Sabtu - 2 Juni 2007 Anakku berumur 1 tahun

        Alhamdulillah, besok (sebentar lagi), 2 juni 2007,  genap 1 tahun umur Anak kami yang pertama. Bukanlah perayaan yang terpenting bagi kami. Melainkan makna satu tahun umur dia yang jauh lebih penting. Bagi kami hari-hari adalah sama saja, namun pemaknaan tempo waktu sendiri itulah yang penting. Dalam hal ini dalam rentang satu tahun hal apakah yang telah kami lakukan.

        Kembali bercerita tentang anak kami, Ia terlahir dengan berat badan 3.3 kg / panjang badan 49 cm. Kemudian kami beri nama Fatih Abdurrahman Rahmat. Fatih bermakna pembuka, pemenang. Abdurrahman bermakna hamba dari Allah yang Rahman (maha pengasih) - diambil dari hadits Rasulullah: "Sebaik-baik nama adalah Abdullah dan Abdurrahman". Rahmat diambil dari namaku (sebenarnya namaku Rakhmat adalah salah ketik sekretaris desa waktu itu. Hingga aku berumur 12 tahun, orangtuaku baru sadar setelah buka akta ternyata bernama Rakhmat bukan Rahmat). Ya… anak pertama kami merupakan suatu Rahmat dan anugerah bagi kami. Betapa tidak, kami mempunyai anak tidak lama setelah menikah dan berkelamin laki-laki sesuai harapan kami. Kami sangat bersyukur dengan Anugerah ini.

        Setiap insan mempunyai kisah yang bisa diambil hikmahnya, demikian pula dengan kisah kelahiran anak kami. Saat hamil, istri belum selesai mengambil co-as di kedokteran, sementara aku harus bekerja di perusahaan Migas BUMN di Prabumulih Sumatera Selatan, 90 KM / 2 jam dari Palembang. Jadi di awal kehamilan kami harus berpisah. Saat kandungan awal bulan pertama pun sempat terjadi pendarahan, alhamdulillah bisa diatasi. Saat kandungan berumur 3 bulan barulah kami bersama. Namun itu pun tidak berlangsung terus menerus. Saat kandungan 6 bulan, istri sempat pulang ke Jogja sendiri (jadi Prabumulih - Jogja pp), padahal membutuhkan waktu setidaknya 8 jam perjalanan darat dan udara. Hal itu terpaksa kami lakukan karena ada urusan mendadak dan aku harus ke lokasi pemboran yang lumayan jauh jaraknya, dan kami harus berpisah setidaknya 2 minggu.
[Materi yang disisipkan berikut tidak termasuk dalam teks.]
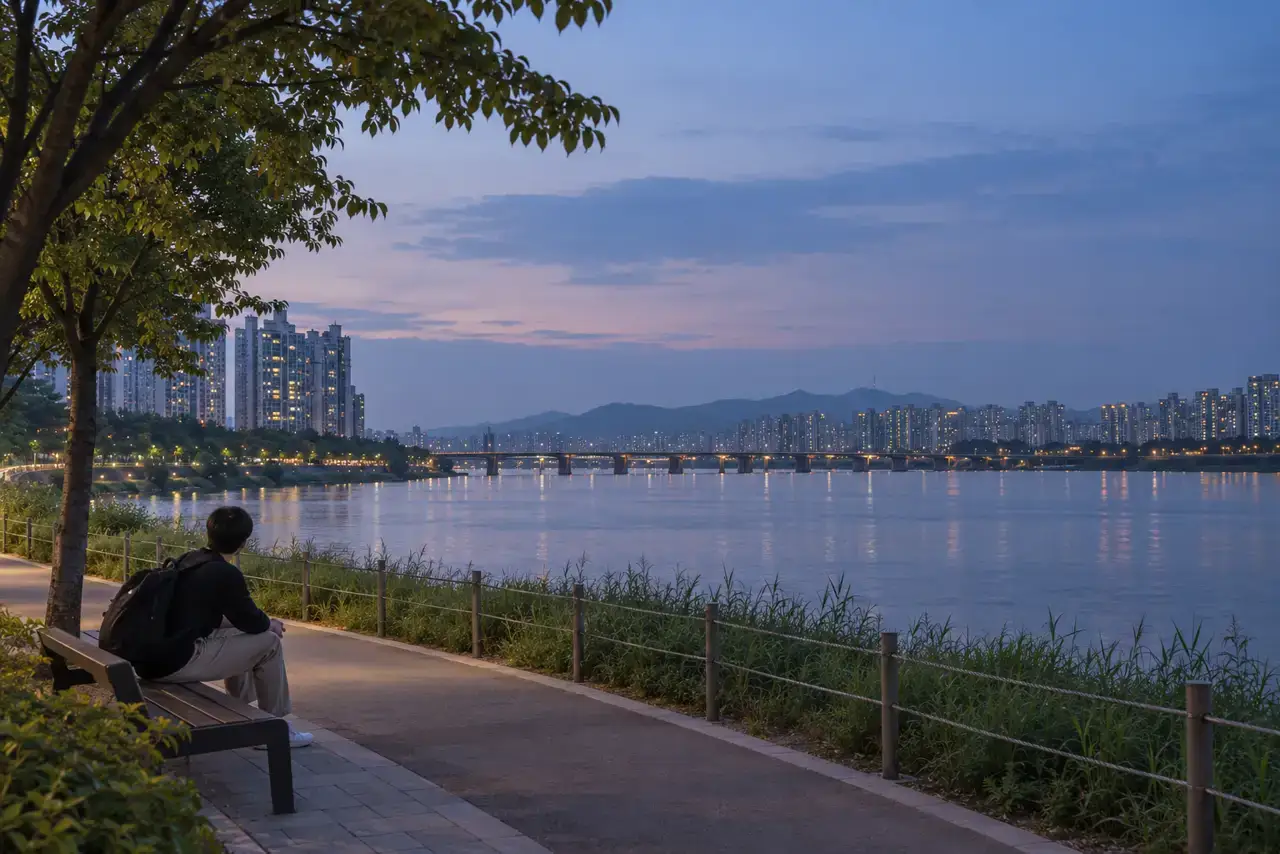 A traveller resting beside a tree-lined public riverside path in Jamsil at blue hour.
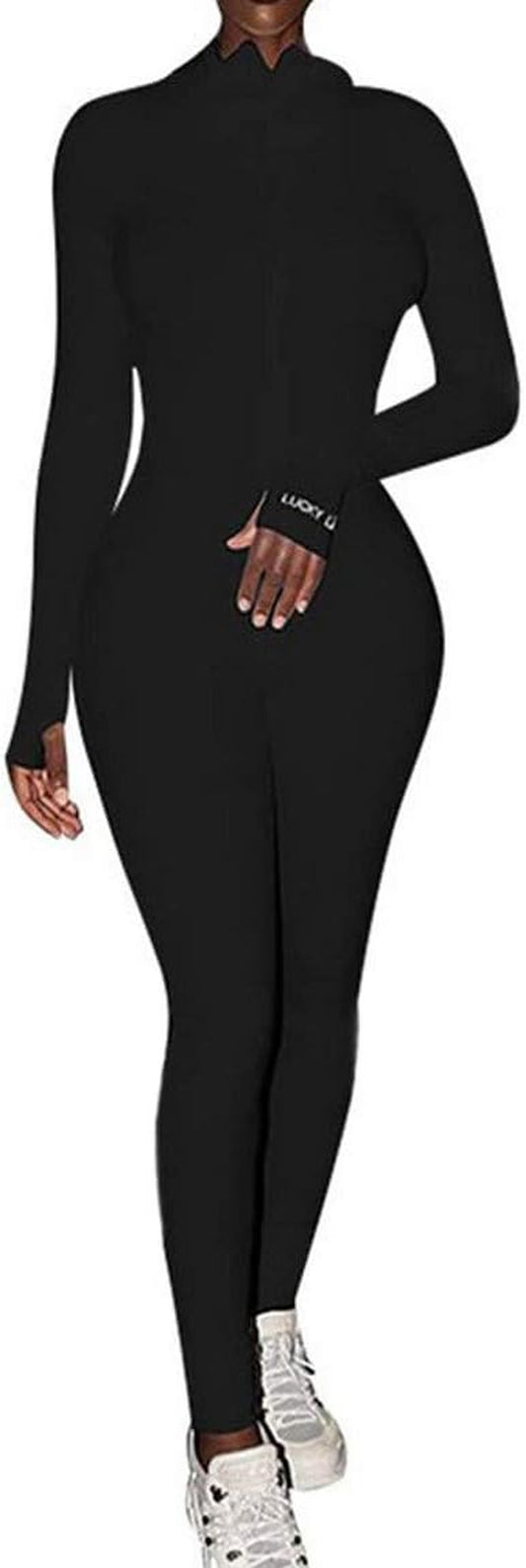 Women Embroidery Zipper High Neck Long Sleeve Bodycon Jumpsuit Shorts Rompers Party Clubwear Outfits Bodysuit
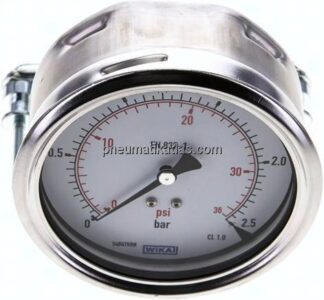Einbaumanometer, 3-kant-Frontring, 100mm, 0 - 2,5 bar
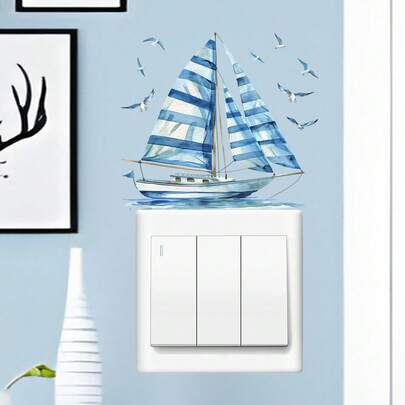 1 pieza Adhesivo de interruptor de luz con acuarela de barco de vela y gaviota, calcomanía de pared náutica removible, decoración de hogar costera azul para sala de estar y dormitorio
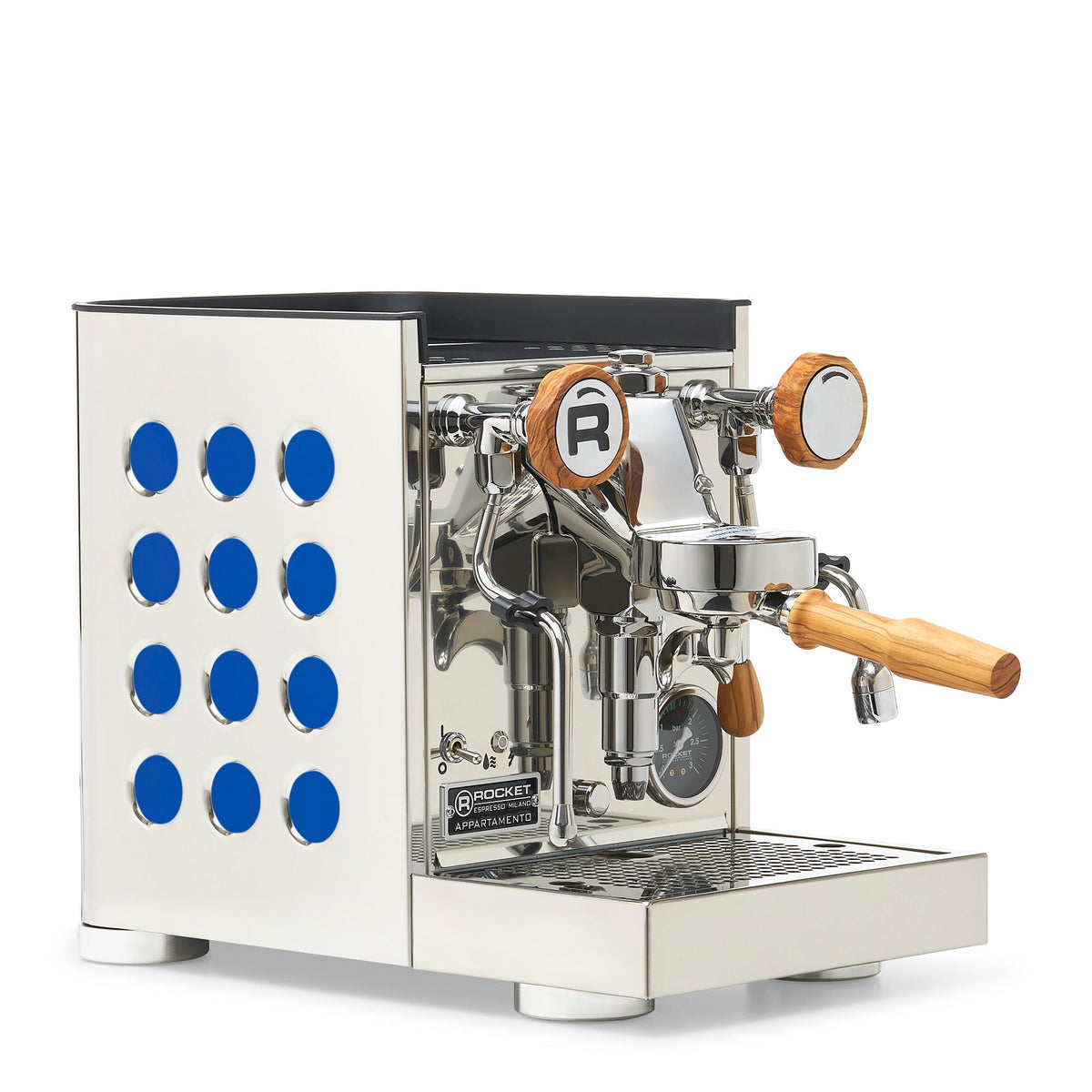 Rocket Espresso Appartamento TCA Heat-Exchange Espresso Machine in Stainless Steel with White Stripe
        Saat usia kehamilan 8 bulan (tepatnya 33 minggu), aku antar istriku kembali ke Jogja. Nekad memang untuk naik pesawat dan perjalanan jauh di usia kandungan lewat 7 bulan. Hal ini kami lakukan karena istri ingin sekali melahirkan di Jogja, selain dekat dengan orang tua, juga karena di Jogja kami bisa dilayani dokter kandungan wanita. Hal ini lebih syar'ie (sesuai agama) bagi kami. Dan…. Kami berpisah lagi…. Aku harus kembali kerja ke Prabumulih.

        Tujuh minggu pun berlalu, HPL (Hari Perkiraan Lahir) anak kami adalah hari Sabtu, 28 Mei 2006. tapi entah mengapa aku yakin bahwa lahirnya akan mundur. Namun untuk mengantisipasi hal-hal yang tidak diinginkan, aku berani berangkat ke Jogja hari rabu walaupun sempat dimarahi bos karena pulang lebih awal. Waktu itu, jumat adalah hari libur sehingga susah untuk mencari tiket untuk hari kamis. Hari kamisnya ambil cuti sehari. Waktu itu aku nekad saja, tidak apa-apa dimarahi bos, karena aku merasa harus pulang hari Rabu. Ternyata firasat aku benar. Hari kamis dan jumat beberapa penerbangan pesawat jakarta-jogja diundur, dialihkan ke solo, bahkan ada yang dibatalkan karena ada hujan debu merapi.

        Sehari sebelum melahirkan…. 27 Mei 2006 adalah hari yang tak bisa dilupakan masyarakat Jogja dan sekitarnya. Pagi itu, gempa terjadi. Pada pagi hari sekitar pukul 06.00. tidak ada yang menyangka gempa hebat akan mengguncang jogja. Saat itu aku berfikir bahwa saat itu merapi meletus. Maklum, mertua kami tinggal di daerah perbatasan dengan Magelang, termasuk kaki gunung Merapi. Ternyata dugaan kami salah. Gempa yang terjadi adalah gempa tektonik karena tumbukan dua lempeng bumi.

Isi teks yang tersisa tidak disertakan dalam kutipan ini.